Why The SEC Won’t Help

By Al Thomas

Everyone knows or at least been told so many times that it has become “true” that the Securities and Exchange Commission (SEC) is there to help protect the “little guy”.

Recently we have been told on the news that the SEC has been doing a lousy job. It seems the lawyers who read the documents and pass on their efficacy don’t understand them any more than Joe Sixpack.

In defense of the Dilberts in their cubicles in Washington the investment articles are a mixture of smoke and mirrors created by very sharp Wall Street securities attorneys. The Dilbert in Washington has not seen anything like it and cannot follow its true ramifications. Wall Street knows, but they aren’t telling.

Obfuscation is the name of the game.

But what every investor wants to know is why his 401K or other “managed account” lost so much money this past year. Is it that the fund managers are so stupid?

Actually it is one of the required regulations by the SEC in mutual fund documents. This one regulation will not allow a fund manager to protect investors’ money.

Mutual funds in their prospectus state they must be fully invested at all times. That means about 90% in some stock. Most funds are stock funds.

What can a fund manager do when the entire market heads south? He is not allowed to sell out of positions and go to cash. That would be a violation and he could be prosecuted for it. He is required to watch money go down the drain. Your money.

Some genius years ago came up with the “Buy and Hold” theory which has been proven does NOT work. To protect capital requires market timing which is considered impossible on Wall Street. Almost every fund manager believes it.

Market timing is especially easy for any well trained fund manager. As a former exchange member and floor trader I will attest to it. But the lie continues to be believed.

If the SEC would allow fund managers to go to cash when the market turns down it would have saved investors several trillion (yes, that’s a T) dollars of their retirement funds.

Is there any chance the SEC will set aside this requirement of being fully invested? It is doubtful.
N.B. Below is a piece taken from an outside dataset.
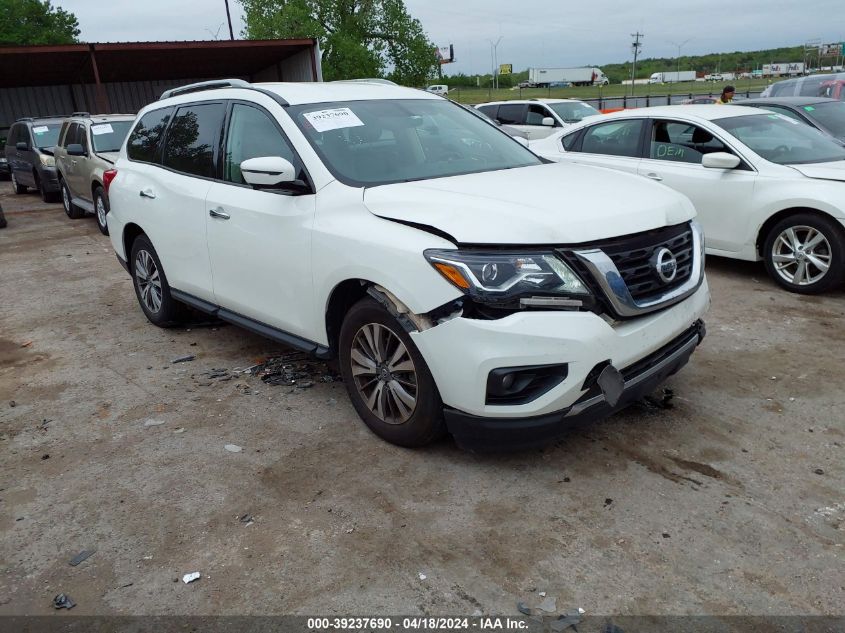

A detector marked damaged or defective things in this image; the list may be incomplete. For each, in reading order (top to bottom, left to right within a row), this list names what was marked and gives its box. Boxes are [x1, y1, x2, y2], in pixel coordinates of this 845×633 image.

broken plastic piece [69, 544, 94, 564]
broken plastic piece [52, 592, 75, 608]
Why? Because it would mean fund managers could sell stock and the brokerage companies would not like that. Some brokerage companies make markets in stocks and it would mean they would have to take back stocks they could not unload on some other investor.

If the investor has a 401K he usually can tell his fund advisor to switch his funds into a money market account. Unfortunately, most brokers don’t know when to do it as they have not been trained to protect customer funds.

Since the SEC and your broker won’t help, YOU must learn how easy it is to time the market. Never take a big loss again. Many of my previous articles have given simple timing methods.

Learn to manage your money. Nobody else cares about it but you.